Transaction Workflow Innovation Standards Team (Twist) is a not-for-profit industry standards group. It does not charge anything for involvement. The main goal of Twist is to create non-proprietary XML message standards for the financial services industry. To this end it provides a message format validation service.

Its focus on financial transaction processing covers the aspects of:

- Payments and collections (on invoices to suppliers and from customers)
- Cash management (cash flow, position keeping across accounts and timing)
- Working capital finance (short term investment of spare cash to make gains)
- Wholesale financial market access (raising capital through stocks and bonds)

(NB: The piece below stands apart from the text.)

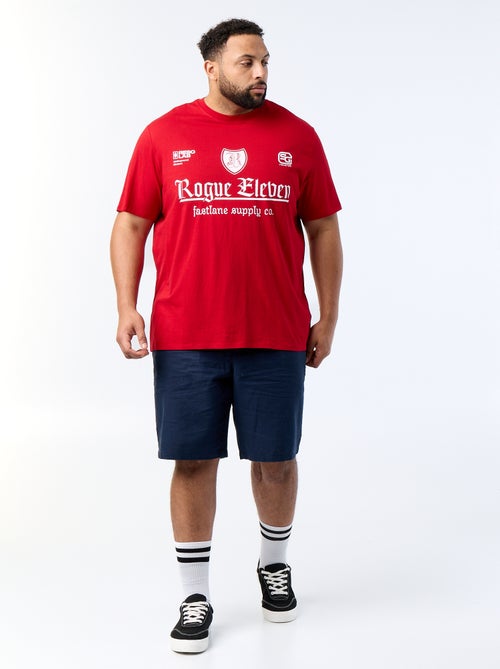 Camiseta estampada de manga corta - Kiabi Camiseta estampada de manga corta - Kiabi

The focus of these combined standards is to create and improve straight-through processing (STP). As any STP system of systems will invariably involve many market participants such standards are essential for success. Twist provides a check-list for ensuring STP is implemented in accordance with its standards. The word ‘standards’ is used rather than protocols as Twist endeavours to also define business process best practices. Such practices are typically implemented in a workflow, or business process management system (BPMS). Considerable emphasis is placed on how to handle exceptions so that as much traffic can be handled automatically with as little as possible going to manual intervention. One major standard introduced by TWIST is the Bank Services Billing Standard (BSB).

==Parties involved==
The leading participant in Twist is Royal Dutch Shell's corporate treasury department, giving the Twist standards a corporate finance perspective rather than a banking one. Participants in Twist are drawn from across the broader banking supply chain and its support industries. A common role for Twist is to channel corporate treasury expertise to software vendors to help them develop the required products. Twist has been adopted in the United Kingdom, Singapore, and the Netherlands, with particular use in the foreign exchange (FX), fixed income (FI), and money markets (MM) asset classes.

==Related standards==
Related XML financial services standard include FIX, FpML and SWIFT XML. Where related financial services message standards exist, such as these XML standards or classic SWIFT, then Twist aims to leverage them and interoperate with them rather than compete. Reuters is working with Twist, as of May 2005, to tie into its FX trading service (known as the RTFX service). Their aim is to deliver real time trade confirmations directly into corporate treasurer’s STP systems.